Sometimes, I find some great eats when I travel, and I grumble about how I can’t find it at home. A good bowl of laksa? Not here. However, a recent trip to Portland and its numerous coffeehouses brought the happy thought that San Diego’s no slouch in the coffee department.
One local coffee roaster that isn’t necessarily known for its storefront is Café Moto (2619 National Ave.), which will celebrate the anniversary of its retail location throughout May. Moto’s beans can be found in many locations around town, but the café is in a small building that blends into an industrial part of Barrio Logan. Driving by, it’s easy to miss. Step in, however, and it’s a coffee wonderland.
The interior is warm, with a bar where you can sip coffee, chat with the friendly folks preparing your drink and relax. A sign points to the roasting area, while the space behind the bar is stocked with almost every coffee-making apparatus known to man. One corner is filled by a tall and twisty cold-brew device. I was instantly drawn to the Chemex, a drip machine that lets gravity do the work.

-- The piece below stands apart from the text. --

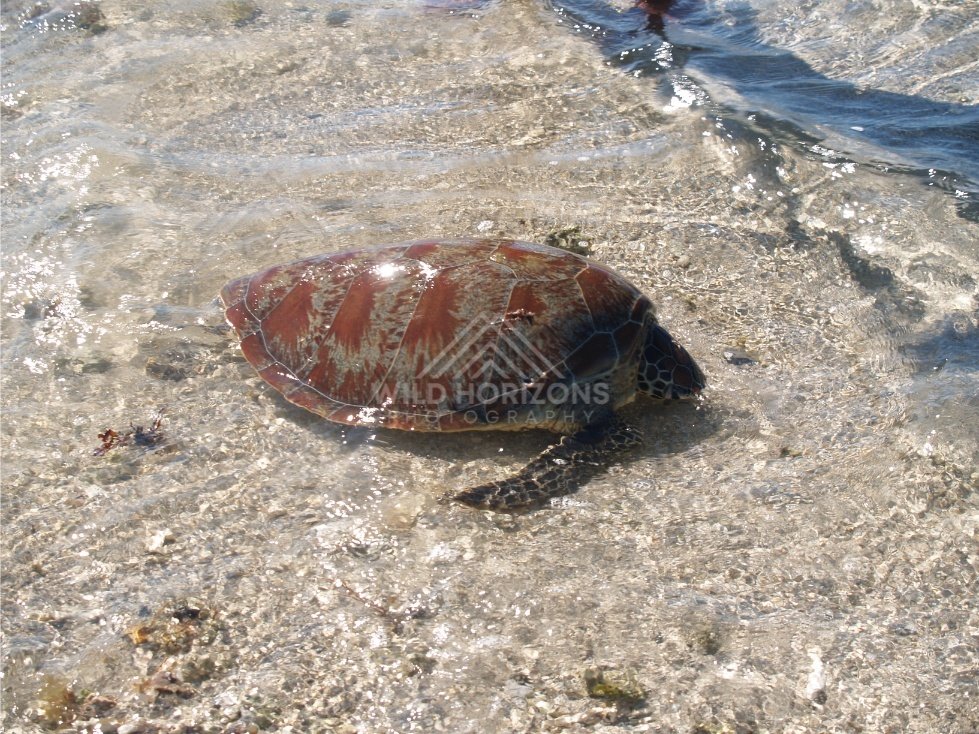 A sea turtle resting in clear shallow water with sunlight flashing on the surface. Elim Beach, Australia.
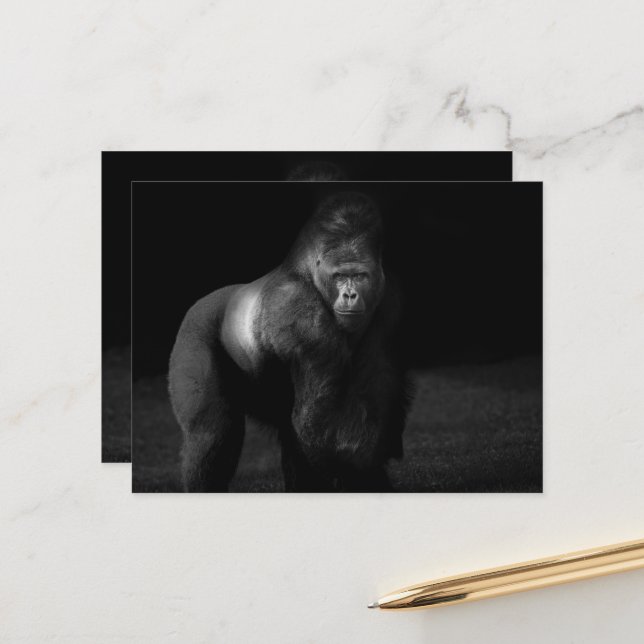 Ljus på styrka – Silverback Gorilla Vykort (Fram/Back In Situ)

I left the choice of bean to Tom, the affable barista, knowing that Café Moto roasts a wide variety of beans. I was pleasantly surprised when he chose beans from Columbia. He noted that Columbian beans are prevalent in common supermarket brands, but they don’t show up in coffeehouses much.
It’s true. Ethiopian, Costa Rican and Peruvian beans fill the shelves of independent roasters, but Columbian beans aren’t the first that come to mind at a place like Café Moto. Unlike a cup of Folgers, these Columbian beans had crisp flavors and a clean finish when brewed on the Chemex. Meanwhile, Tom was teaching a couple of young customers at the bar about coffee, a discussion that had my inner geek thoroughly entertained. Still a little too young for the almighty brew, they thanked Tom for “the best hot chocolate [they] have ever had!”
It’s clear that the folks behind the bar are passionate and knowledgeable about coffee. Tom and fellow barista Chase chatted with me about the finer points of cold-brewing as I sipped a sample of the stuff. Strikingly refreshing and subtly herbal, it’d be the perfect drink for a summer day. I ordered a latte; the espresso was pulled from their Jack30 beans, a Kenyan / Ugandan limited-edition roast that has 30 percent more caffeine.
As I was leaving, a couple of regulars were settling in at the bar, their usual drink orders already being prepared.
The best way to experience Café Moto is to carve a little free time into your schedule and settle in at the bar with a good cup. The coffee-geekery is optional.